Simple k-means algorithm in Python

Question

The following is a very simple implementation of the k-means algorithm.

import numpy as np
import matplotlib.pyplot as plt

np.random.seed(0)

DIM = 2
N = 2000
num_cluster = 4
iterations = 3

x = np.random.randn(N, DIM)
y = np.random.randint(0, num_cluster, N)

mean = np.zeros((num_cluster, DIM))
for t in range(iterations):
    for k in range(num_cluster):
        mean[k] = np.mean(x[y==k], axis=0)
    for i in range(N):
        dist = np.sum((mean - x[i])**2, axis=1)
        pred = np.argmin(dist)
        y[i] = pred

for k in range(num_cluster):
    plt.scatter(x[y==k,0], x[y==k,1])
plt.show()

Here are two example outputs the code produces:

The first example (num_cluster = 4) looks as expected. The second example (num_cluster = 11) however shows only on cluster which is clearly not what I wanted. The code works depending on the number of classes I define and the number of iterations.

So far, I couldn't find the bug in the code. Somehow the clusters disappear but I don't know why.

Does anyone see my mistake?

Answer 1

K-means is also pretty sensitive to initial conditions. That said, k-means can and will drop clusters (but dropping to one is weird). In your code, you assign random clusters to the points.

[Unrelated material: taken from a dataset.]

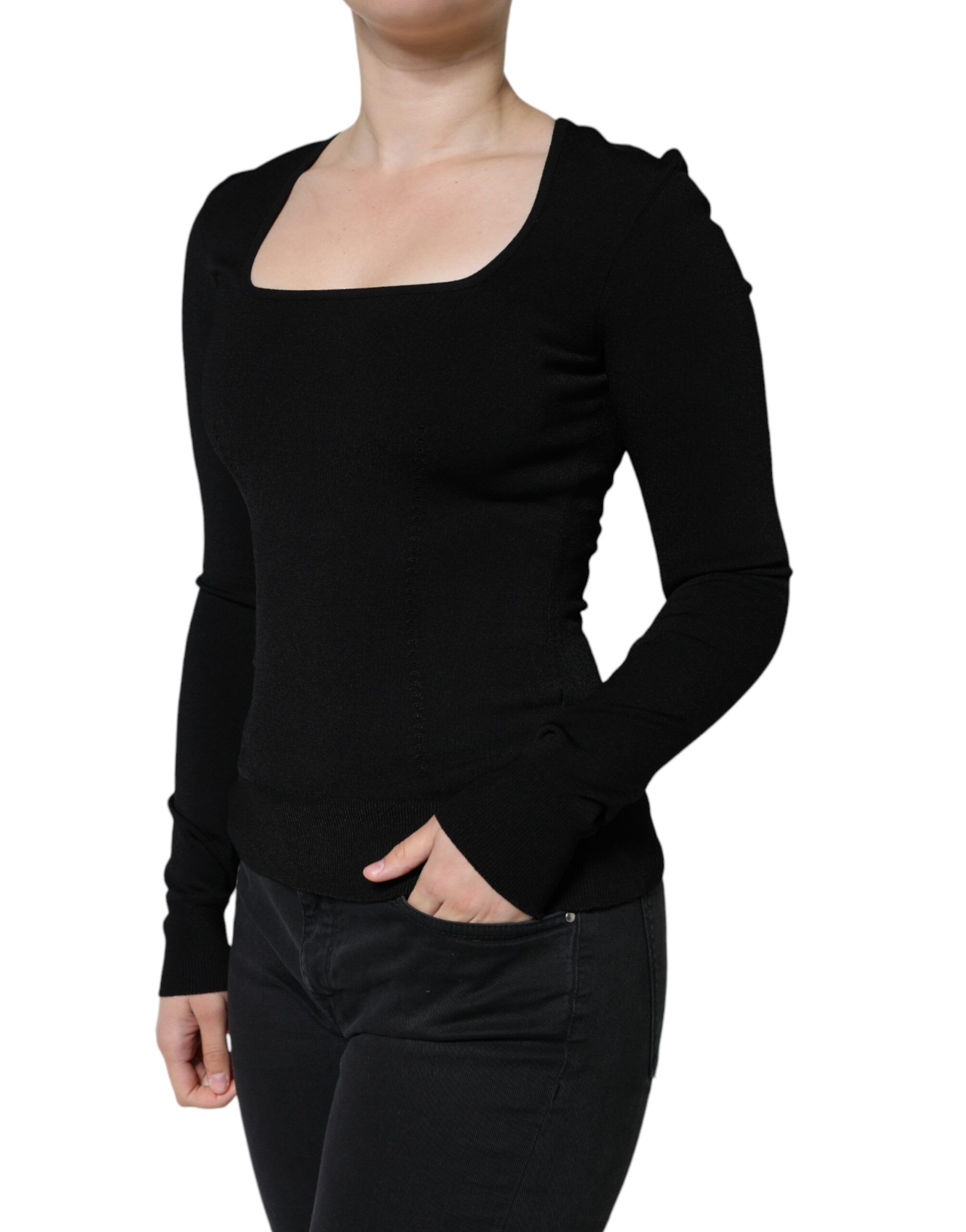 Long Sleeves Blouse Square Neck Women's Top - Dolce & Gabbana - Modalova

Here's the problem: if I take several random subsamples of your data, they're going to have about the same mean point. Each iteration, the very similar centroids will be close to each other and more likely to drop.

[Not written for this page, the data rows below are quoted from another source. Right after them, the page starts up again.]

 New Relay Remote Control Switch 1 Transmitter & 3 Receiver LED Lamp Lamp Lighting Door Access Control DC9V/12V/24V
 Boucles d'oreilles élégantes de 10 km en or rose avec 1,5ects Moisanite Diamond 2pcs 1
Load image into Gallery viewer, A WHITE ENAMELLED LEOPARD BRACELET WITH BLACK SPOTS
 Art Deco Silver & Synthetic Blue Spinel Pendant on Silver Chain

Instead, I changed your code to pick num_cluster number of points in your data set to use as the initial centroids (higher variance). This seems to produce more stable results (didn't observe the dropping to one cluster behavior over several dozen runs):

import numpy as np
import matplotlib.pyplot as plt

DIM = 2
N = 2000
num_cluster = 11
iterations = 3

x = np.random.randn(N, DIM)
y = np.zeros(N)
# initialize clusters by picking num_cluster random points
# could improve on this by deliberately choosing most different points
for t in range(iterations):
    if t == 0:
        index_ = np.random.choice(range(N),num_cluster,replace=False)
        mean = x[index_]
    else:
        for k in range(num_cluster):
            mean[k] = np.mean(x[y==k], axis=0)
    for i in range(N):
        dist = np.sum((mean - x[i])**2, axis=1)
        pred = np.argmin(dist)
        y[i] = pred

for k in range(num_cluster):
    fig = plt.scatter(x[y==k,0], x[y==k,1])
plt.show()

Answer 2

It does seem that there are NaN's entering the picture. Using a seed=1, iterations=2, the number of clusters reduce from the initial 4 to effectively 3. In the next iteration this technically plummets to 1.

The NaN mean coordinates of the problematic centroid then result in weird things. To rule out those problematic clusters which became empty, one (possibly a bit too lazy) option is to set the related coordinates to Inf, thereby making it a "more distant than any other" point than those still in the game (as long as the 'input' coordinates cannot be Inf). The below snippet is a quick illustration of that and a few debug messages that I used to peek into what was going on:

[...]
for k in range(num_cluster):
    mean[k] = np.mean(x[y==k], axis=0)
    # print mean[k]
    if any(np.isnan(mean[k])):
        # print "oh no!"
        mean[k] = [np.Inf] * DIM
[...]

With this modification the posted algorithm seems to work in a more stable fashion (i.e. I couldn't break it so far).

Please also see the Quora link also mentioned among the comments about the split opinions, and the book "The Elements of Statistical Learning" for example here - the algorithm is not too explicitly defined there either in the relevant respect.

Answer 3

You're getting one cluster because there really is only one cluster.
There's nothing in your code to avoid clusters disappearing, and the truth is that this will happen also for 4 clusters but after more iterations.
I ran your code with 4 clusters and 1000 iterations and they all got swallowed up in the one big and dominant cluster.
Think about it, your large cluster passes a critical point, and just keeps growing because other points are gradually becoming closer to it than to their previous mean.
This will not happen in the case that you reach an equilibrium (or stationary) point, in which nothing moves between clusters. But it's obviously a bit rare, and more rare the more clusters you're trying to estimate.

---

A clarification: The same thing can happen also when there are 4 "real" clusters and you're trying to estimate 4 clusters. But that would mean a rather nasty initialization and can be avoided by intelligently aggregating multiple randomly seeded runs.
There are also common "tricks" like taking the initial means to be far apart, or at the centers of different pre-estimated high density locations, etc. But that's starting to get involved, and you should read more deeply about k-means for that purpose.